# Exercise aim:
Repeat each line of the data below exactly, but skip the pictures.

# Dataset excerpt:
::::::::::
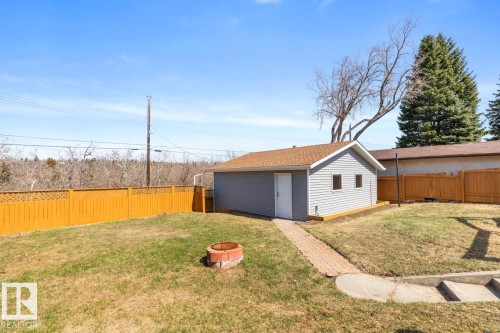 Detached outbuilding with gray siding and brown shingle roof - 4508 109A Avenue, Edmonton, AB 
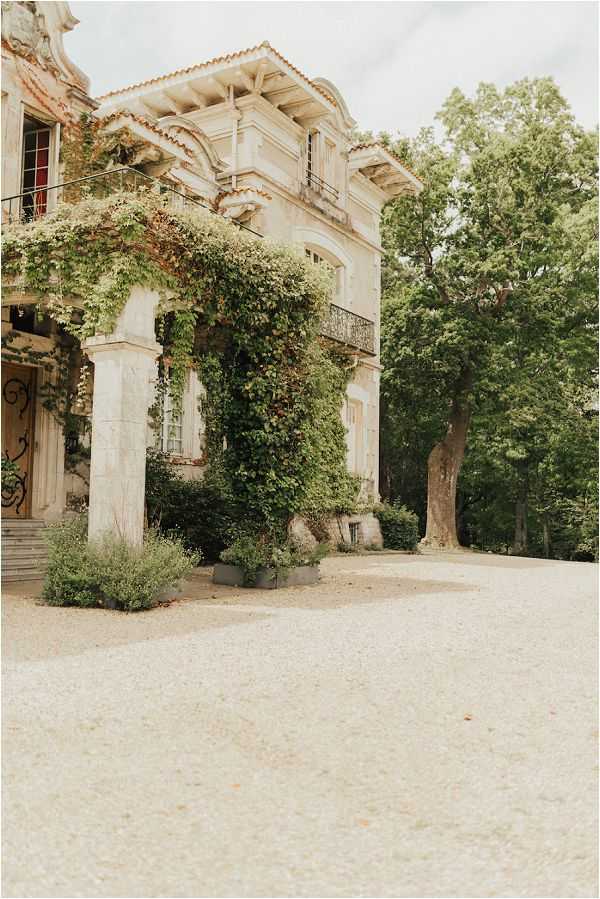 Exterior wide shot of a French château or manor house featuring pale stone architecture with ornate columns, wrought iron balconies, and arched windows heavily draped in climbing ivy. The forecourt is finished with a wide gravel driveway, and low ornamental planters with greenery sit at the base of the columns. No people are visible in the frame. The image has a soft, slightly overexposed tone with a muted color palette. Potential venue feature image.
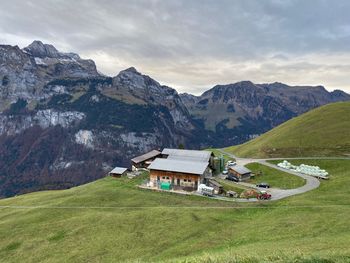 Scenic view of field and houses against sky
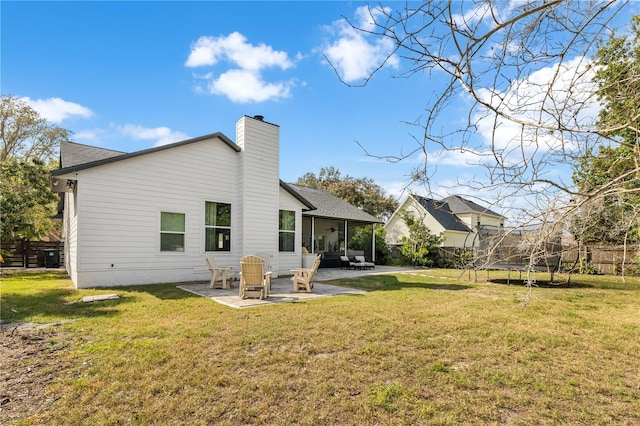 rear view of property featuring fence, a yard, a chimney, a trampoline, and a patio area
::::::::::
# Response:
 Detached outbuilding with gray siding and brown shingle roof - 4508 109A Avenue, Edmonton, AB 
 Exterior wide shot of a French château or manor house featuring pale stone architecture with ornate columns, wrought iron balconies, and arched windows heavily draped in climbing ivy. The forecourt is finished with a wide gravel driveway, and low ornamental planters with greenery sit at the base of the columns. No people are visible in the frame. The image has a soft, slightly overexposed tone with a muted color palette. Potential venue feature image.
 Scenic view of field and houses against sky
 rear view of property featuring fence, a yard, a chimney, a trampoline, and a patio area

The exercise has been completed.